AI Mastery 201: Elevating Your Workflow with Advanced LLM Techniques
AI Mastery 201: Elevating Your Workflow with Advanced LLM TechniquesAI Mastery 201: Elevating Your Workflow with Advanced LLM Techniques
AI Mastery 201: Elevating Your Workflow with Advanced LLM Techniques
VictorSzoltysek
 
%+27788225528 love spells in Boston Psychic Readings, Attraction spells,Bring...
%+27788225528 love spells in Boston Psychic Readings, Attraction spells,Bring...%+27788225528 love spells in Boston Psychic Readings, Attraction spells,Bring...
%+27788225528 love spells in Boston Psychic Readings, Attraction spells,Bring...
masabamasaba
 
CHEAP Call Girls in Pushp Vihar (-DELHI )🔝 9953056974🔝(=)/CALL GIRLS SERVICE
CHEAP Call Girls in Pushp Vihar (-DELHI )🔝 9953056974🔝(=)/CALL GIRLS SERVICECHEAP Call Girls in Pushp Vihar (-DELHI )🔝 9953056974🔝(=)/CALL GIRLS SERVICE
CHEAP Call Girls in Pushp Vihar (-DELHI )🔝 9953056974🔝(=)/CALL GIRLS SERVICE
9953056974 Low Rate Call Girls In Saket, Delhi NCR
 
%+27788225528 love spells in Colorado Springs Psychic Readings, Attraction sp...

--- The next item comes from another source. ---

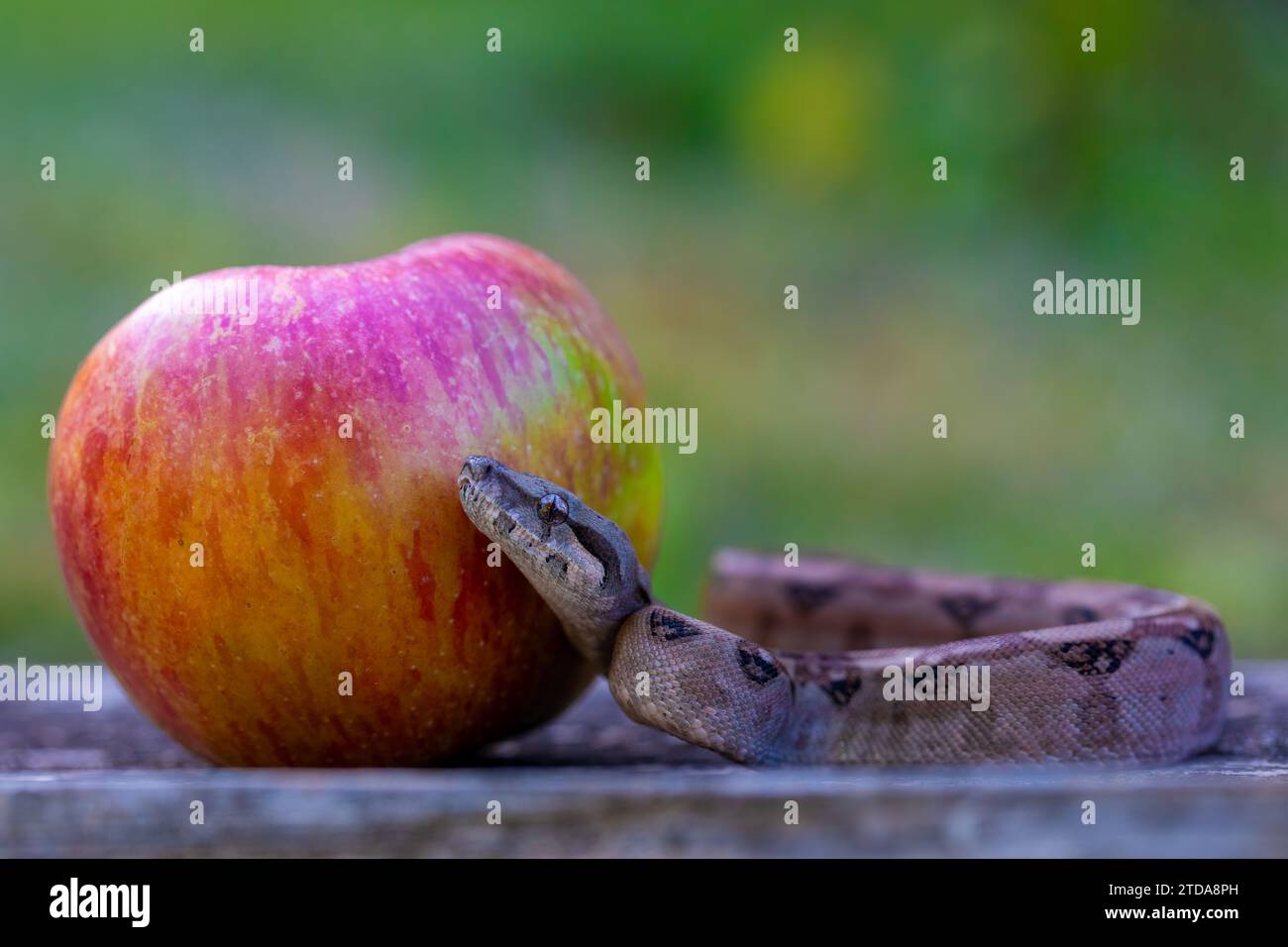 Serpent à la pomme, boa constrictor en milieu naturel : photographie animalière, tentation de pomme, histoire biblique Banque D'Images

%+27788225528 love spells in Colorado Springs Psychic Readings, Attraction sp...%+27788225528 love spells in Colorado Springs Psychic Readings, Attraction sp...

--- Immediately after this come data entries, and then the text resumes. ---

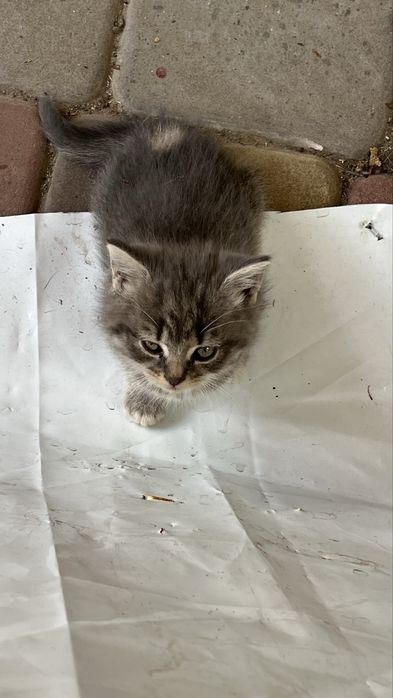 3 котика, віддам в хороші руки. Чорного забрали.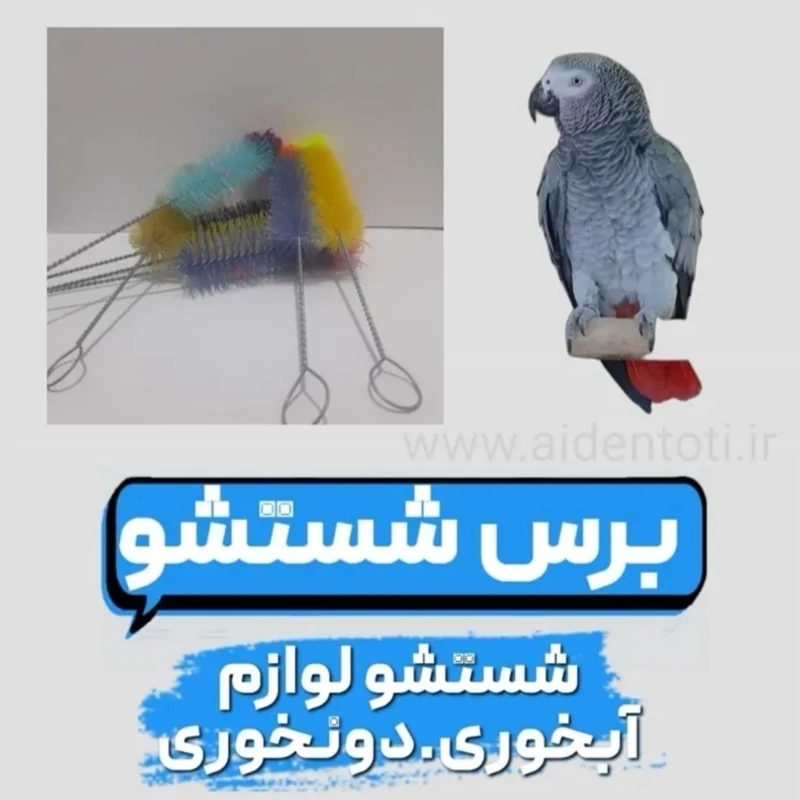 برس شستشو لوازم قفس طوطی و پرندگان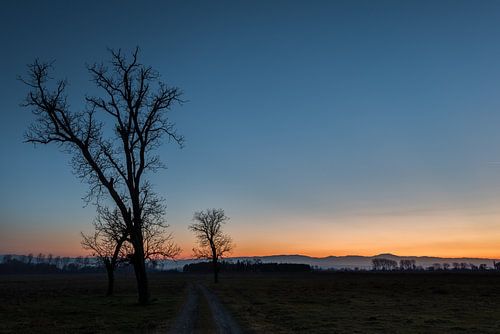 Twee bomen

%+27788225528 love spells in Colorado Springs Psychic Readings, Attraction sp...
masabamasaba
 
+971565801893>>SAFE AND ORIGINAL ABORTION PILLS FOR SALE IN DUBAI AND ABUDHAB...
+971565801893>>SAFE AND ORIGINAL ABORTION PILLS FOR SALE IN DUBAI AND ABUDHAB...+971565801893>>SAFE AND ORIGINAL ABORTION PILLS FOR SALE IN DUBAI AND ABUDHAB...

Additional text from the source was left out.